**Work instructions:** In the entries below, find the line with "Interior Entrance, Modern" and the line with "Vegetable rice noodle". Reproduce those two lines and every line between them exactly, and nothing more.

**Extracted information:**
· · · · · · ·
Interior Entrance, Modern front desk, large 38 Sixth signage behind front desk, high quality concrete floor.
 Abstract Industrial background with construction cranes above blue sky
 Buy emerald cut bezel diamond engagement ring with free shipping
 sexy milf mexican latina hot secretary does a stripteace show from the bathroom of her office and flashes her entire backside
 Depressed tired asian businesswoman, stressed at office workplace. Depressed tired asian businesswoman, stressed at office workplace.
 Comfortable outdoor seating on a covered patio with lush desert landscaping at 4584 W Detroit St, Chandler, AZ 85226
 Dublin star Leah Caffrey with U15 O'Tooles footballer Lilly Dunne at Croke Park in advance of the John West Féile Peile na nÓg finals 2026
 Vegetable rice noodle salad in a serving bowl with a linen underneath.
· · · · · · ·
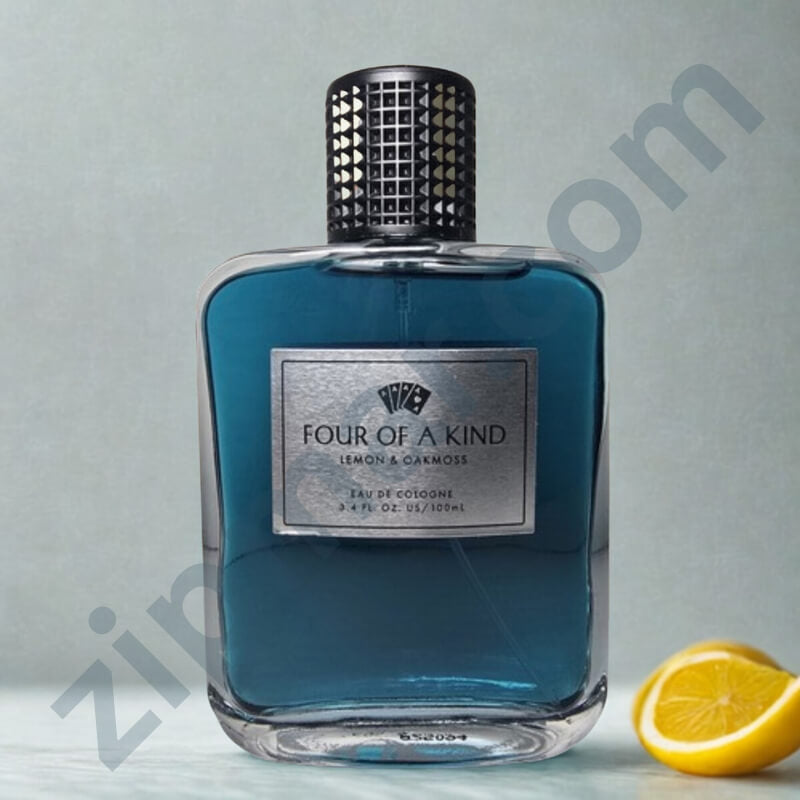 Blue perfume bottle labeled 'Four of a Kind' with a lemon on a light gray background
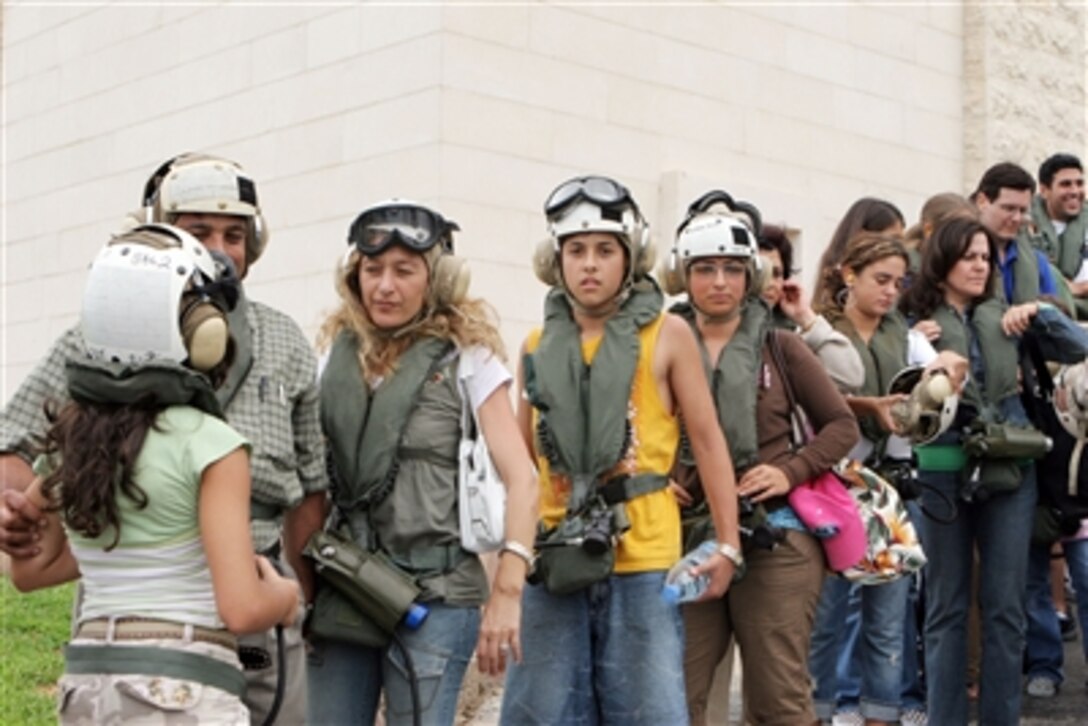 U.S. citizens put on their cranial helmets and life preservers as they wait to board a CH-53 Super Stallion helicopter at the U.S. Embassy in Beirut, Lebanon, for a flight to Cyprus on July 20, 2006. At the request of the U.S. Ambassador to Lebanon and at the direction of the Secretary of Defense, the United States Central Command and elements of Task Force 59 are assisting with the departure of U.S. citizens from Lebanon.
· · · · · · ·
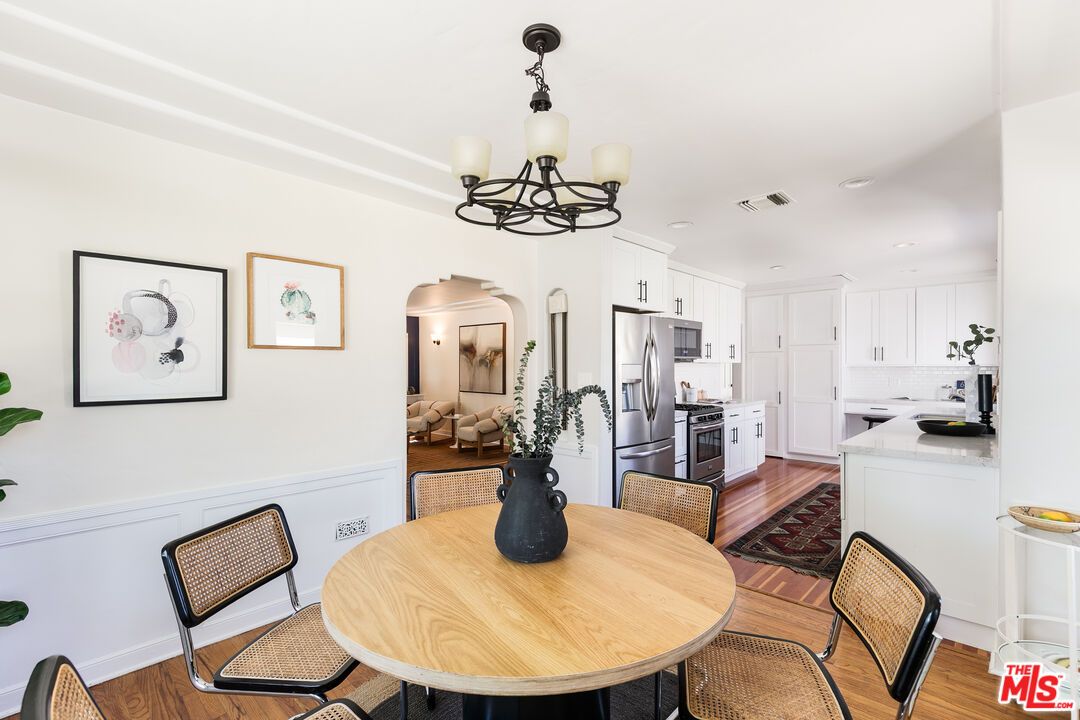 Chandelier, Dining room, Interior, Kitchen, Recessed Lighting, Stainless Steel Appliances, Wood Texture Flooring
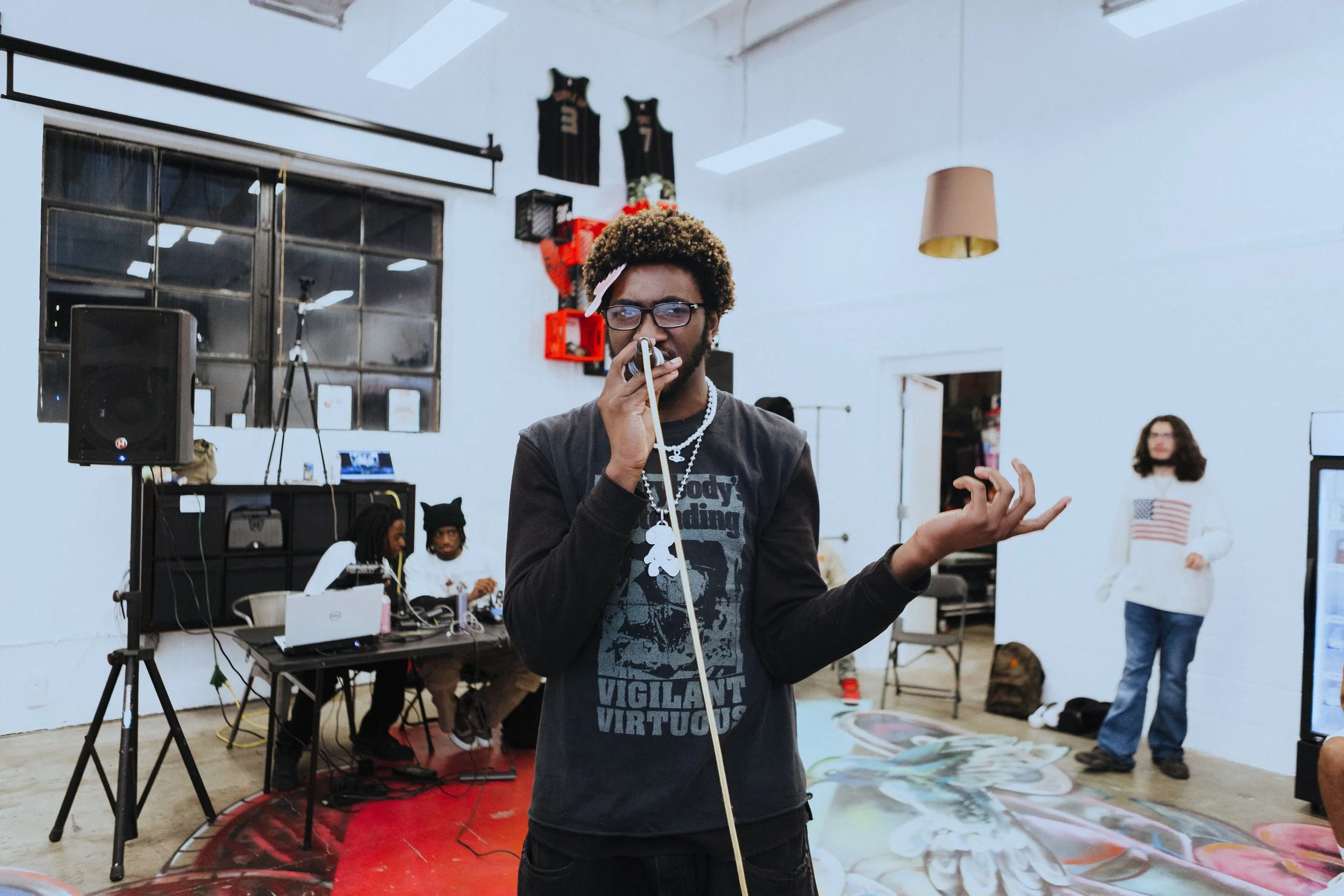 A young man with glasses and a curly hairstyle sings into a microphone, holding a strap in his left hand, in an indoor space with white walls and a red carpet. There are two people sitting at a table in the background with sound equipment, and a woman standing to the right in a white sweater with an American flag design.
· · · · · · ·
**Answer to this problem:**
Interior Entrance, Modern front desk, large 38 Sixth signage behind front desk, high quality concrete floor.
 Abstract Industrial background with construction cranes above blue sky
 Buy emerald cut bezel diamond engagement ring with free shipping
 sexy milf mexican latina hot secretary does a stripteace show from the bathroom of her office and flashes her entire backside
 Depressed tired asian businesswoman, stressed at office workplace. Depressed tired asian businesswoman, stressed at office workplace.
 Comfortable outdoor seating on a covered patio with lush desert landscaping at 4584 W Detroit St, Chandler, AZ 85226
 Dublin star Leah Caffrey with U15 O'Tooles footballer Lilly Dunne at Croke Park in advance of the John West Féile Peile na nÓg finals 2026
 Vegetable rice noodle salad in a serving bowl with a linen underneath.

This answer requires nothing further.